Incentives such as long-term business commitments, opportunities for business expansion and external recognition (e.g., supplier awards and positive press) are commonly used to motivate suppliers to engage in innovation.
Governance frameworks should prioritise systematic collaboration with suppliers, including regular meetings to discuss innovation goals, joint value creation opportunities and shared performance data.
Additionally, businesses can support suppliers by helping them acquire new capabilities, co-developing projects and creating compatible systems for seamless collaboration.
Focusing on strategic suppliers while also engaging with start-ups, academia and open innovation platforms can help build a diverse supplier ecosystem. This approach allows companies to capture a broader spectrum of innovative ideas and meet specific business needs.
From a technology-agnostic perspective, what digital capabilities are "table stakes" versus true differentiators for supplier-driven innovation?
Table stakes include foundational technologies such as e-sourcing, contract lifecycle management (CLM), spend analytics and e-procurement systems, which are critical for basic operational efficiency and compliance.
True differentiators, on the other hand, involve advanced capabilities such as generative AI (Gen AI), predictive and prescriptive analytics and intelligent automation.
These technologies support higher-value outcomes like faster innovation pipelines, enhanced data-driven decision-making and the ability to co-develop intellectual property with suppliers to accelerate market momentum.
Additionally, differentiators also include fostering cross-functional collaboration and leveraging supplier expertise to access new market opportunities or reduce time to market by as much as 40% compared to internal R&D capabilities.
How do you see emerging technologies (AI, digital twins, blockchain) being operationalised to create measurable outcomes in supplier collaboration?
Emerging technologies such as AI, digital twins and blockchain are transforming supplier collaboration by driving efficiency, resilience and measurable results.
AI automates data analysis, offers predictive insights into supply chain risks and streamlines supplier relationship management. Digital twins create virtual models of supply chains for scenario testing, disruption prediction and real-time logistics optimisation; combined with AI, they enhance predictive capabilities to prevent bottlenecks.

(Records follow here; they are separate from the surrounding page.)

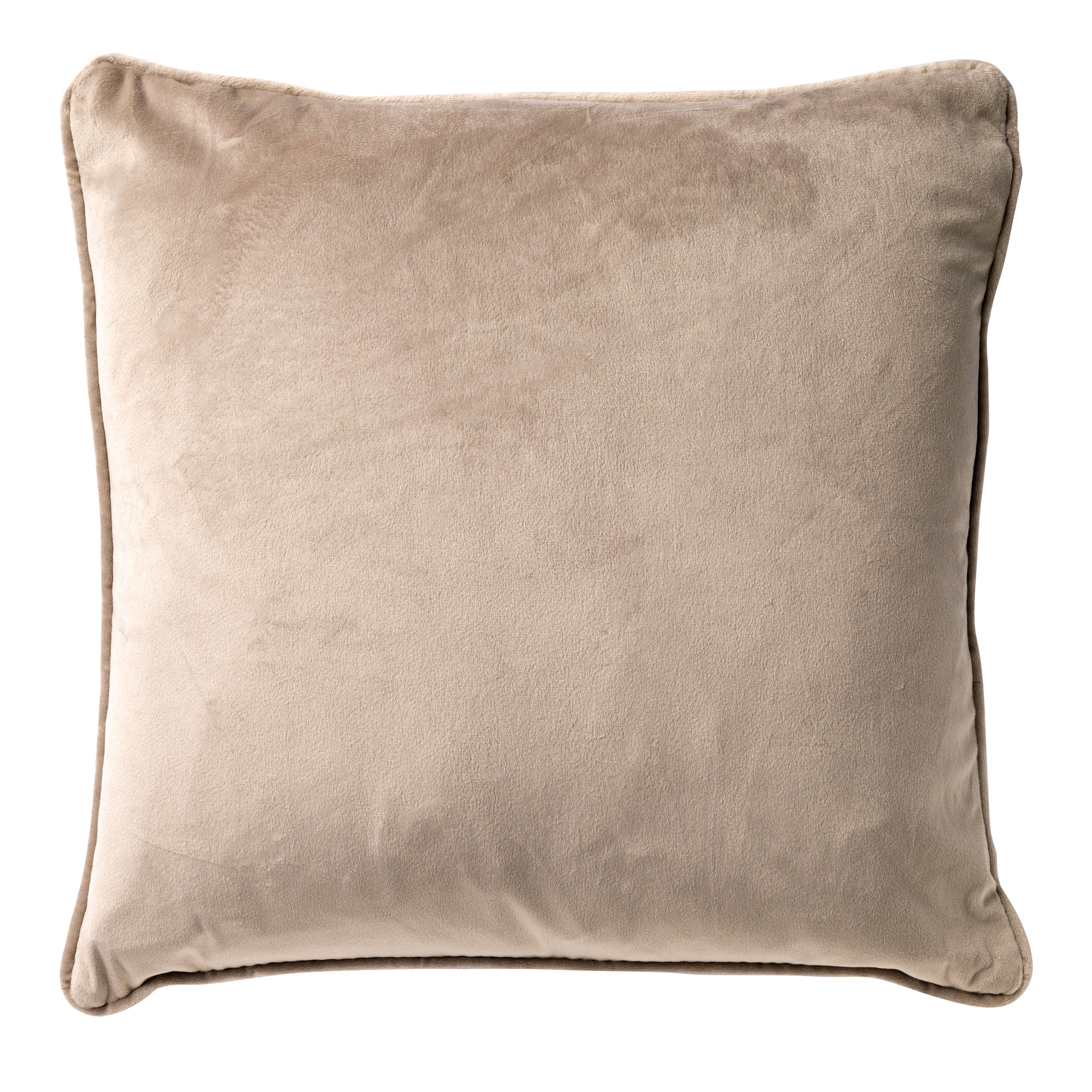 FINNA - Sierkussen 45x45 cm met kussenhoes van 100% gerecycled polyester - Eco Line collectie - Pumice Stone - beige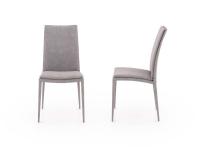 Front and side view of the Europa chair, in the integrated cushion version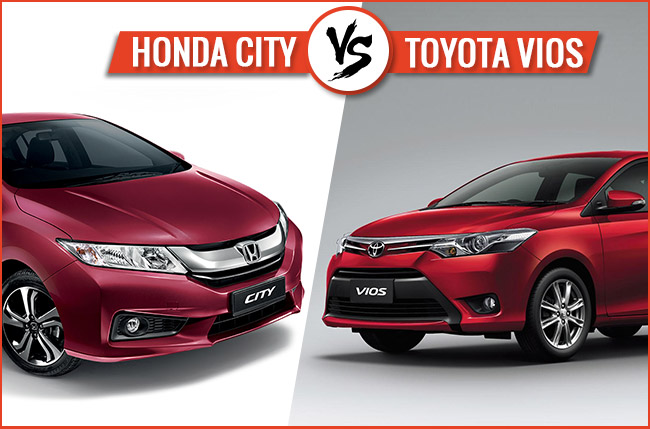 So sánh chi tiết Honda City 2017 và Toyota Vios tại Việt Nam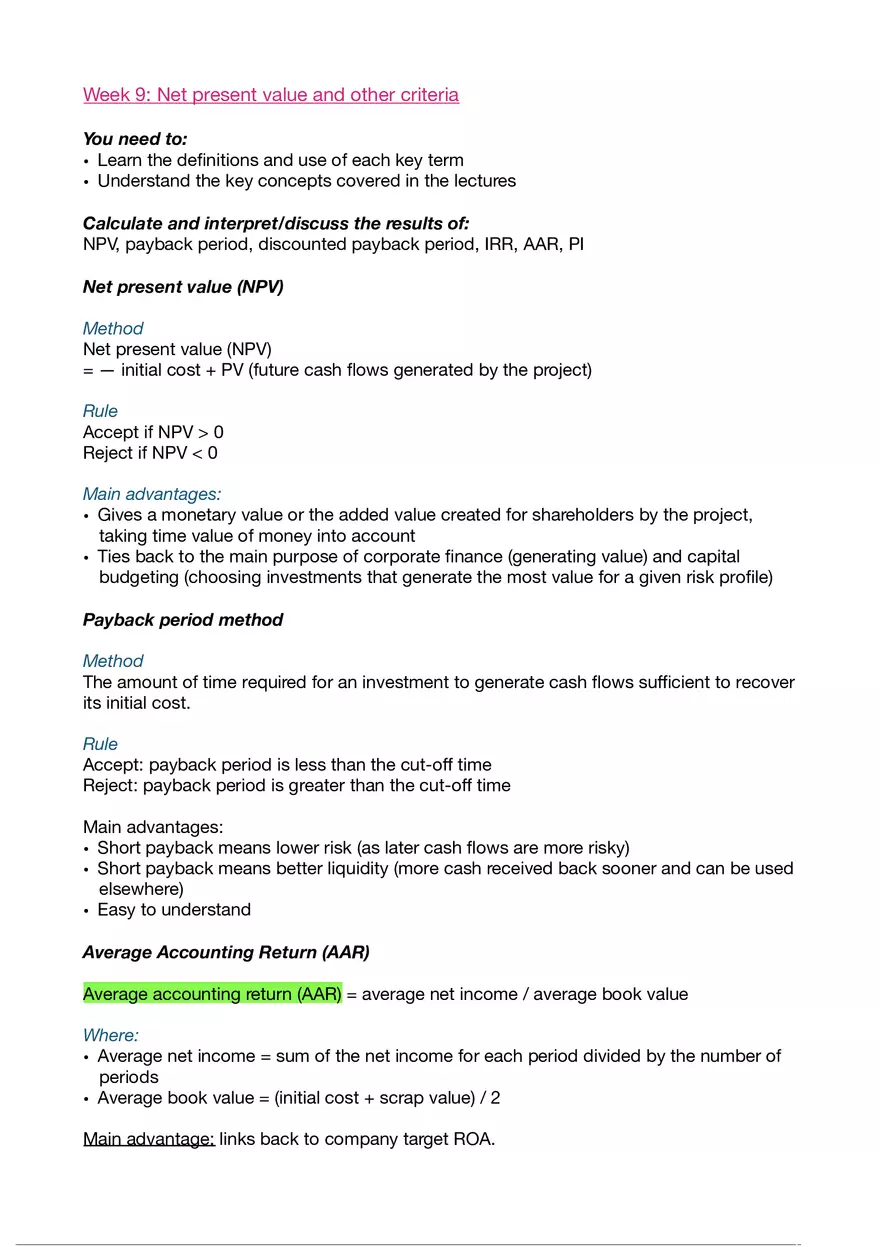 Business Finance Lecture 11 - Page 14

Blockchain ensures secure, transparent transactions and reduces fraud by providing all parties access to an immutable ledger, improving compliance and trust.
Integrating these technologies helps organisations mitigate risks, cut costs and improve supplier relationships with outcomes like reduced operational expenses and faster deliveries.
For instance, AI supports strategic sourcing and sustainable procurement, while blockchain streamlines supplier onboarding and lowers verification costs.
What mindset shifts do companies need to unlock the full potential of suppliers as partners in transformation and sustainability?
The most significant mindset shift involves moving away from the "Not Invented Here" mentality and recognising that suppliers possess valuable capabilities, insights, knowledge and innovative ideas.
It is essential for organisations to foster an internal culture that welcomes the integration of external ideas into internal processes, such as New Product Introduction as well as transformation and sustainability initiatives.
By adopting this open approach, procurement and supply management professionals can effectively identify, guide and introduce suppliers into appropriate internal opportunities.